Search goliath Google added moving pictures to its video search beta service on Monday.
Users can now watch video from within the browser via a special downloaded player — one that likely will enable pay-per-view in the future.
has broadened its searchable index to include much of the content that users have contributed via its Video Upload program. The service launched in January with stills from television shows.
But to watch video, users first have to download the Google Video Viewer, a free plug-in for Google video content only. (The plug-in works with the Internet Explorer and Firefox browsers.)
Searchers with viewer-enabled browsers still will not be able to play the content in the index, but playable content will be highlighted in search results by an icon. Searchers can click on the icon and get a preview consisting of up to five stills to help them identify which part of the video they want to play.

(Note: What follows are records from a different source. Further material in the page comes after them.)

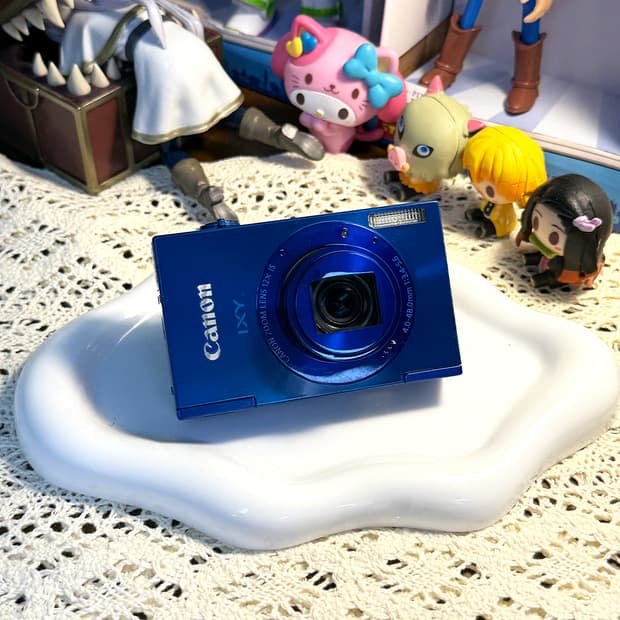 [🏖️네모네] 캐논 익시 IXY3 (IXUS500HS) 디지털 카메라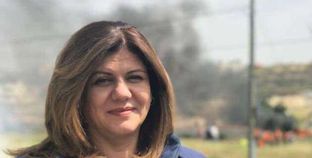 الشهيدة الصحفية شيرين أبو عاقلة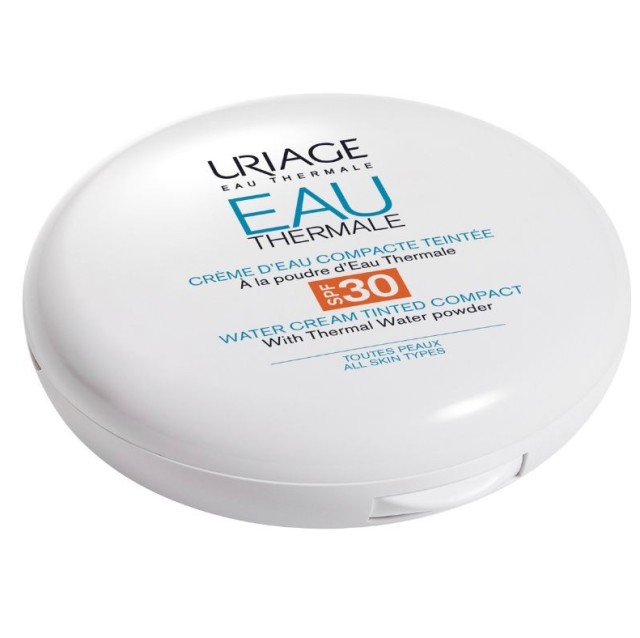 Uriage Eau Thermale Water Cream Tinted Compact spf30 10g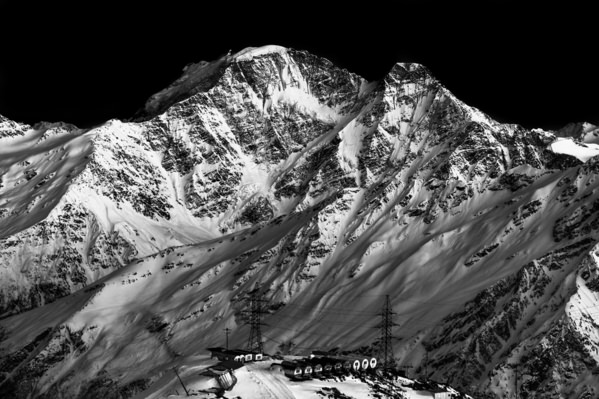 Photograph Andrei Efimov Mountain Shelter on One Eyeland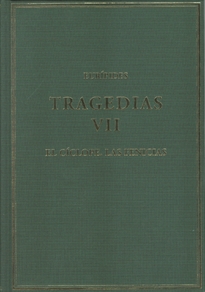 Books Frontpage Tragedias. Vol. VII, El cíclope; Las fenicias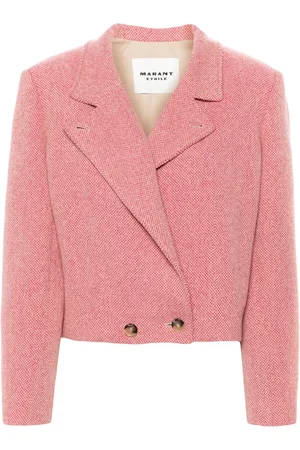 Marant Etoile Veste crop Cassidy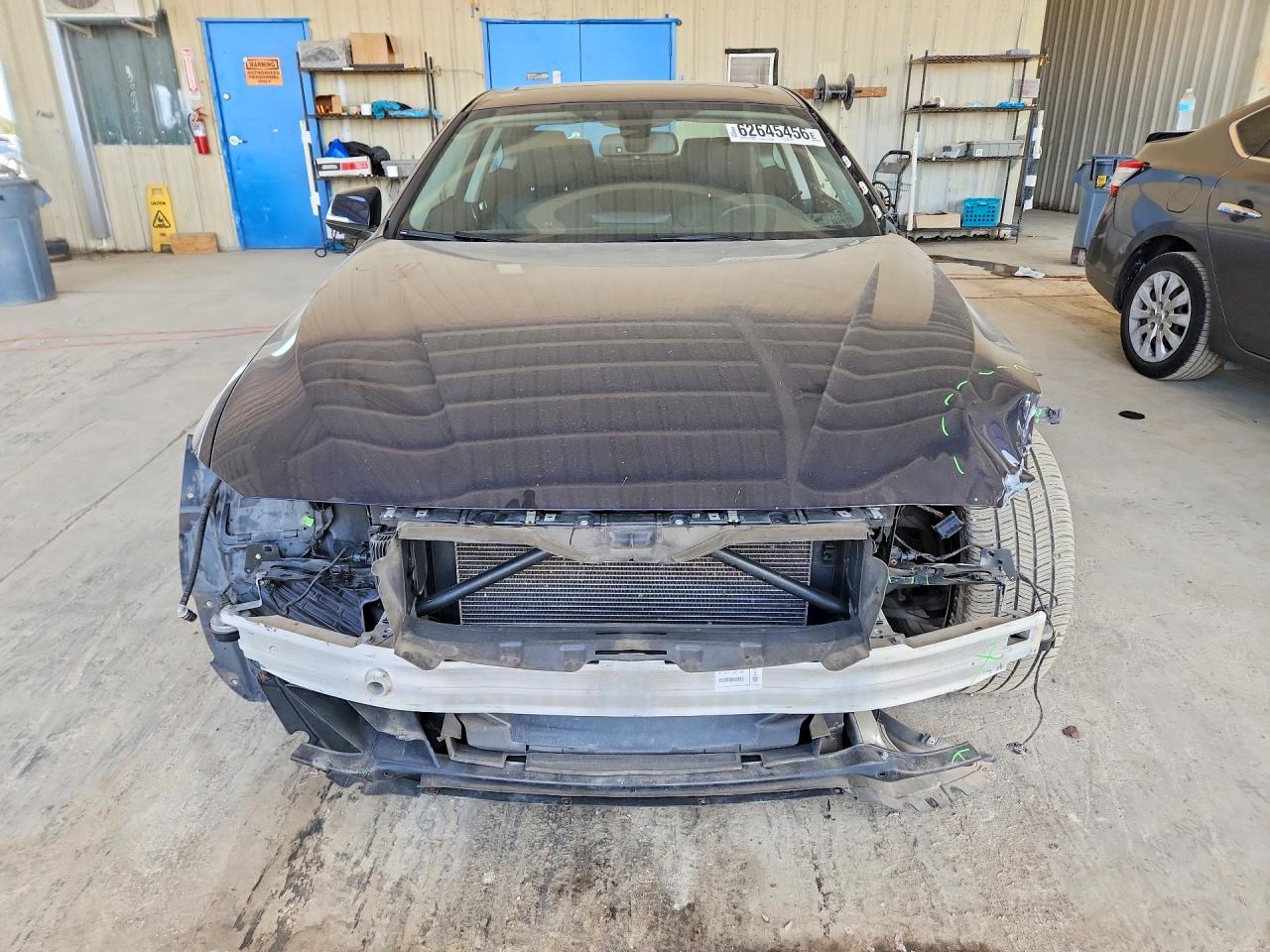 2014 Bmw 428 I Blue vin: WBA3N7C54EK221530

If the video is annotated or transcribed, Google Video Search results will deliver the segment that contains the query word.
“For example, if you searched for ‘tulip,’ and that was said one-and-a-half minutes in, we can start you there,” said Peter Chane, senior product manager for Google Video.
Google’s Video Upload program asks content creators to include meta data or a transcript with the upload. Google uses the transcript or metadata to index the content.
While Google uses the closed captions provided by television broadcasters to index their shows, it must rely on information provided by independents to index their work. Chane wouldn’t say what percent of the content offered by independent producers included a transcript, but said, “We’re impressed by how many did.”
The Upload Program also allows producers to decide whether they want to allow free access to the content or set a fee for access. Chane wouldn’t comment about plans to eventually charge for some content. For now, video search results won’t include content with a price tag.
The viewer was built on VLC, the open-source multimedia player. Chane would not comment on whether Google needed to use a proprietary media player in order to institute pay-per-view in the future.
But Google has confirmed that it’s building an online payment system, and such a system could connect with the Google Video Viewer to let the search company charge users to watch, then share revenue with content creators.
Neither would Chane comment on whether Google Video would enable users to access audio files, such as MP3s.
But VLC plays files in MP3 format, as well as DVD, and it supports several streaming protocols. Therefore, unless Google has stripped out this functionality in its Viewer, it stands that it could extend the search and playback to other kinds of media.
Despite all the no-comments, Chane did leave the door open to further features, saying, “We’re always looking at new solutions to make search better.”